Thank you Doug, for your suggestion.
But I really want the job to start.
The problem appears when the timelimit later is increased: the job will
crash when it reaches the MaxTRESMins limit, and we do not want that
to happen.
I would like to be able to prolong the job, and that the job continues
to run until it has finished or has reached the timelimit.
Cheers,
-- Lennart Karlsson
UPPMAX, Uppsala University, Sweden
http://www.uppmax.uu.se
On 01/07/2016 05:38 PM, Douglas Jacobsen wrote:
I think you probably want to add "safe" to AccountingStorageEnforce in
slurm.conf; that should prevent it from starting jobs that would exceed
association limits.
----
Doug Jacobsen, Ph.D.
NERSC Computer Systems Engineer
National Energy Research Scientific Computing Center <http://www.nersc.gov>
[email protected]
------------- __o
---------- _ '\<,_
----------(_)/ (_)__________________________
On Thu, Jan 7, 2016 at 7:15 AM, Lennart Karlsson <[email protected]>
wrote:
We have set the MaxTRESMins limit on accounts and users, to make it
impossible to start what we think is outrageously large jobs.
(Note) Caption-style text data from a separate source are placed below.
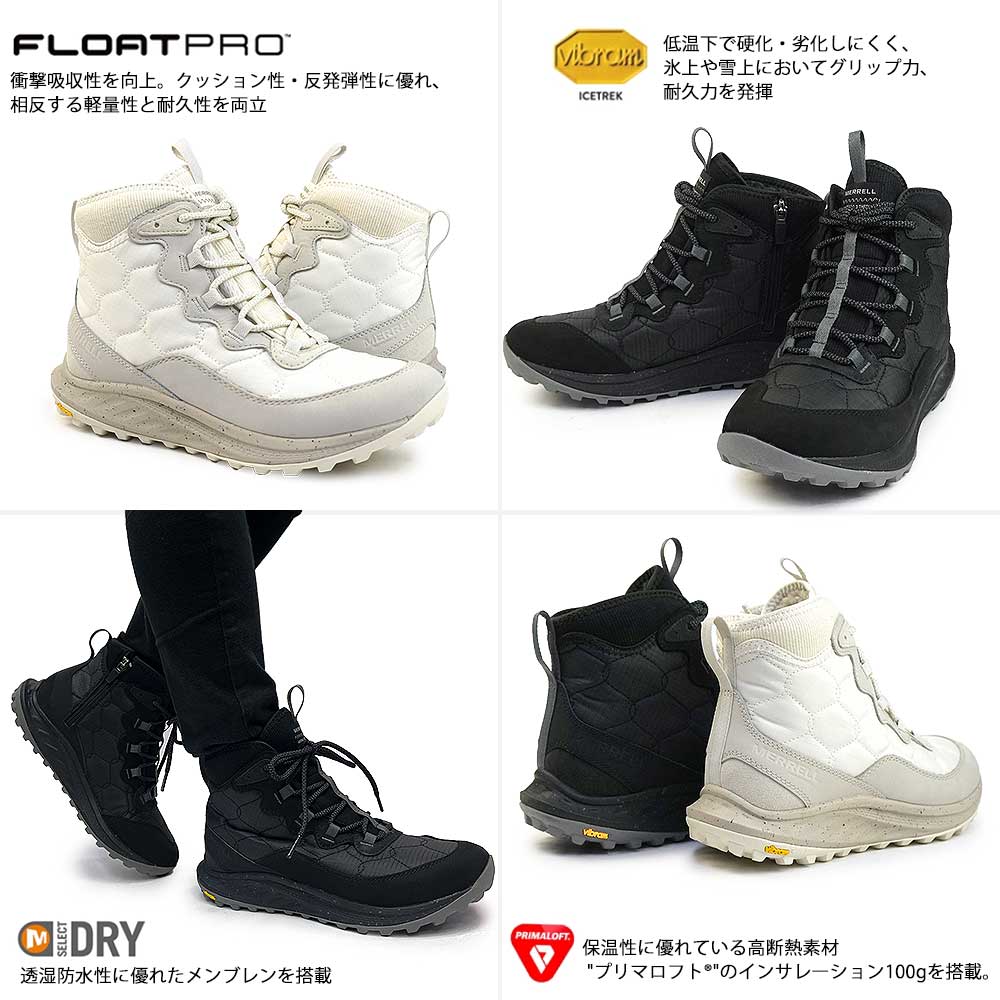 楽天市場】【最大100%ポイントバック抽選】メレル レディース ブーツ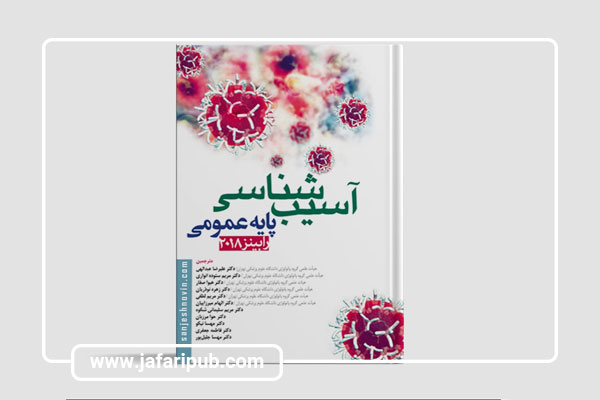 کتاب پاتولوژی (آسیب‌شناسی) پایه رابینز
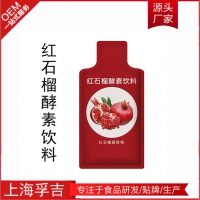 ,胶原蛋白饮品,胶原蛋白饮料,果味胶原蛋白粉代工工厂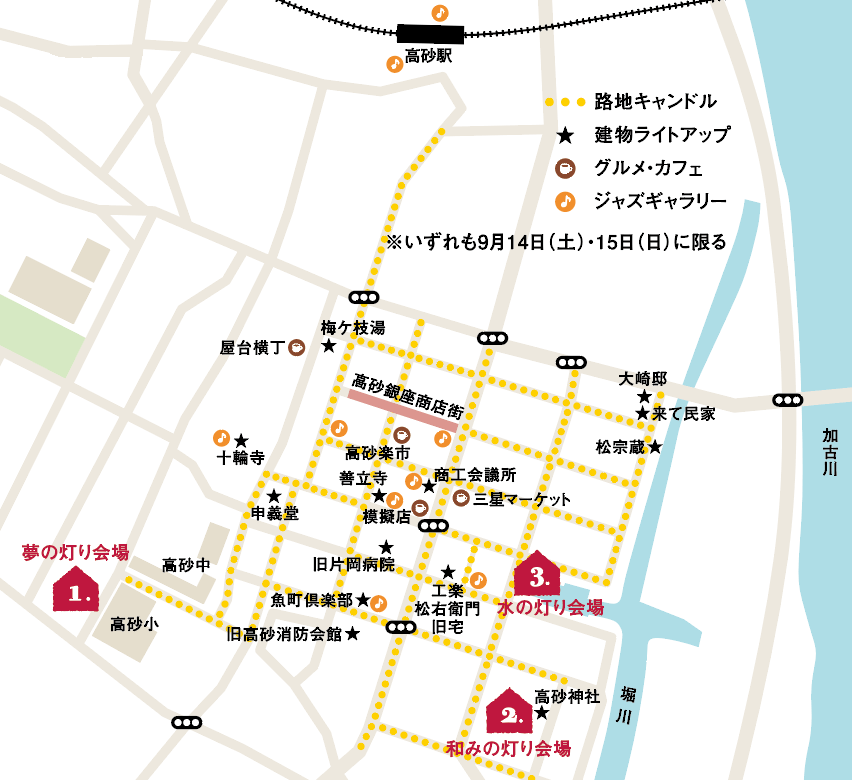 山陽沿線ガイド「エスコート」|いま、行きたい! 高砂駅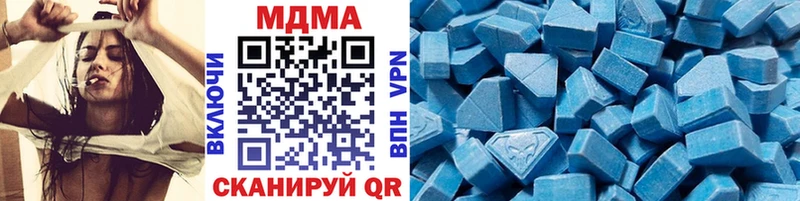 MDMA crystal  даркнет сайт  Котельники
But we have found an unwanted side effect:
When the user asks for a longer timelimit, we often allow that, and
when we increase the timelimit, sometimes jobs run into the
MaxTRESMins limit and die:
Dec 28 17:20:18 milou-q slurmctld: [2015-12-28T17:20:09.072] Job 6574528
timed out, the job is at or exceeds assoc 10056(b2013086/ansgar/(null)) max
tres(cpu) minutes of 600000 with 600001
For us, this looks like a bug.
Please, we would prefer the MaxTRESMins limit not to kill already
running jobs.
Cheers,
-- Lennart Karlsson
UPPMAX, Uppsala University, Sweden
http://www.uppmax.uu.se